We look at the split that gave rise to Just Stop Oil (JSO), which in 2022 forked from the organizing model first developed by Extinction Rebellion (XR). This fork matters because it shows how two climate movements in the UK used media in creative and effective ways, and how a fork can be a smart response when the original organizing framework no longer fits the changing context—even if that framework was carefully designed and codified.

For today’s organizers and campaigners, this is a chance to think differently about splits. Instead of seeing them only as moments of division or weakness, forks can become opportunities for the wider movement ecosystem. In this case, the fork between XR and JSO offers lessons for the climate movement as a whole.

But first, we look at the debate within open-source (OS) communities, where the idea of a ‘fork’ originally comes from. Understanding how OS communities have discussed and practiced forks helps us see why the concept can be useful for social movements today.

Forking in Open-source Communities

The hacker and OS world has been an environment for experimenting with and codifying collaborative practices. The reasons are simple: the hacker community was one of the first to build vast collaborative networks among strangers scattered across the globe. Consequently, the attempt to construct shared protocols—to borrow a telecommunications analogy—was inevitable.

This doesn’t mean that defining shared rules alone guarantees smooth sailing. However, paving the way in this direction made it possible to identify certain concepts that later proved useful for increasingly widespread processes, roles, and phenomena. Here, we’ll focus on one concept: the fork, which denotes splits in OS projects.

In the OS environment, the term fork refers to the process where, starting from an original project, a group of developers decides to create a different version, initiating an independent development line—and thus splitting the programmers, typically dividing them between those who remain tied to the original and those who join the new version. The concept of a fork has a dual interpretation: it’s both a technical bifurcation (due to the software’s features) and a social one (due to the community’s division).

The decision to fork a project is socially ambivalent. On one hand, it’s resisted and seen as a crisis for the OS community, especially given the wasted energy and resources resulting from broken cooperation ties. On the other hand, it’s the very essence of OS practice, which, at scale, enables the multiplication and differentiation of projects, effectively proliferating planned cooperation relationships.

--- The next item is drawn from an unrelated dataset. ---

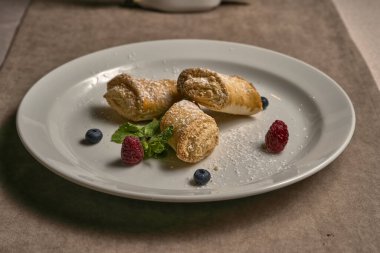 Taze böğürtlenlerle süslenmiş kremalı börekler.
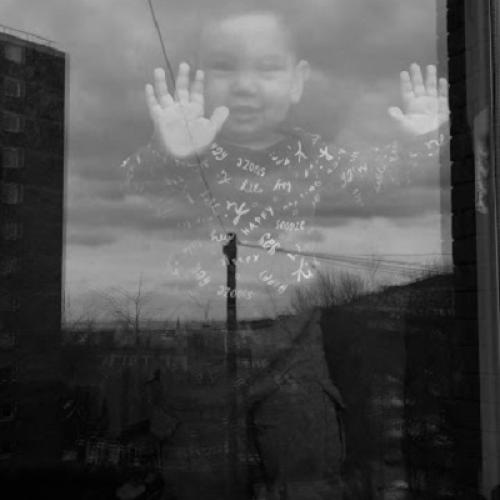 A gorgeous, happy toddler stands with his hands pressed up against a window smiling at the refugee art photographer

Moreover, forked projects, remaining within the community and thus faithful to OS ethics, are distributed under free licenses with attribution to the original project (per OS and Creative Commons licenses). This ensures that even when a fork sparks conflict or friction within the community, it remains part of the same organizational eco-system.

The codification of these processes also allows us to detail the nuances of such divisions: how and how much the secondary project maintains symbiotic relations with the primary one. Observing post-fork project evolution reveals varied outcomes: most commonly, the secondary fork dies from lack of energy or commitment; in rarer cases, it surpasses the original in activity and adoption; or it may remerge with the primary via a merge of properties, driving overall innovation and progress. To quote journalist and hacker Jono Bacon in The Art of Community:

It seems to be working. In the kernel community, we’ve had lots of forks, but they tend to be technical in nature. Not all of them work, and I’m not claiming that people are happy when their fork doesn’t necessarily end up being used, and there is obviously always jockeying for position, etc., but on the whole I think it’s still a pretty “healthy competition” rather than the kinds of ugly forks that some projects have had.9

The term fork initially referred generically to a division in a project’s development, but over time, it became a codified technical term. Crucially, this codification reveals its dual nature: a split that enables new collaborations.

In software development, the term appears as early as 1980, when Eric Allman mentioned ‘forks off’ to describe divergent software versions. By the 1980s, forums like Usenet used fork to denote the creation of discussion subgroups. In the 1990s, with the rise of open-source development groups, a software fork began to imply a social fork, closer to the idea of a split, fracturing community cohesion.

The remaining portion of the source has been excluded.